I enjoyed her clever wit and acerbic humor in The Post Birthday World. I was riveted to the painfully dramatic and timely saga of We Need to Talk About Kevin.
But while I appreciated Shriver’s writerly talent in The New Republic – a part parody, part social satire featuring an attorney who re-creates himself as an investigative journalist – I wasn’t completely sold on the premise or plot of this novel.
The novel takes on mythic proportions when Edgar Kellogg, a disgruntled corporate attorney with a larger than life chip on his shoulder, tosses in his lucrative law career and agrees to a suspect foreign assignment in which he will replace the enigmatic but hugely popular journalist Barrington Saddler who has mysteriously disappeared. Edgar finds himself in a (fictional) Portugese backwater, awash with other journalists trying to make a name for themselves, but mostly living the high life and seeking excitement wherever they can find it. He gets quickly caught up in the spirit of the adventure as he investigates the turn of events surrounding Saddler’s disappearance and how it’s related to the terrorist activities of the so-called Sons of Barba.
The New Republic was written in 1998 (but published in 2012), and so the satiric, almost playful portrait of a terrorist culture seems almost unseemly in light of 21st century events.
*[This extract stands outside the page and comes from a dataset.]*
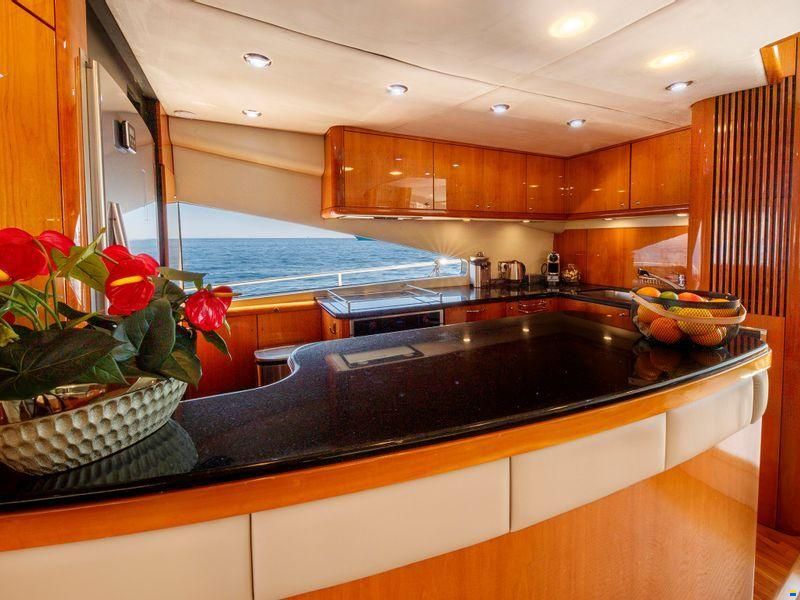 Sunseeker 82 Yacht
Shriver’s coverage of current events, i.e., the topic of school shootings in We Need to Talk About Kevin, was highly personal but thoughtfully and carefully scripted. What interested me most in The New Republic was Edgar Kellogg himself. Ostracized as a child because of his weight, Edgar’s one goal has been social popularity.
Edgar had verified in childhood what the New Testament only hints at…Edgar’s personal Apocrypha: that people will exonerate sadists, braggarts, liars, and even slack-jawed morons before they’ll pardon eyesores. If you’re attractive, people need a reason to dislike you; if you’re ugly, people need a reason to like you. They don’t usually find one. In his tubby school days, Edgar had learned the hard way that every vulgar slob on the block was an aesthete.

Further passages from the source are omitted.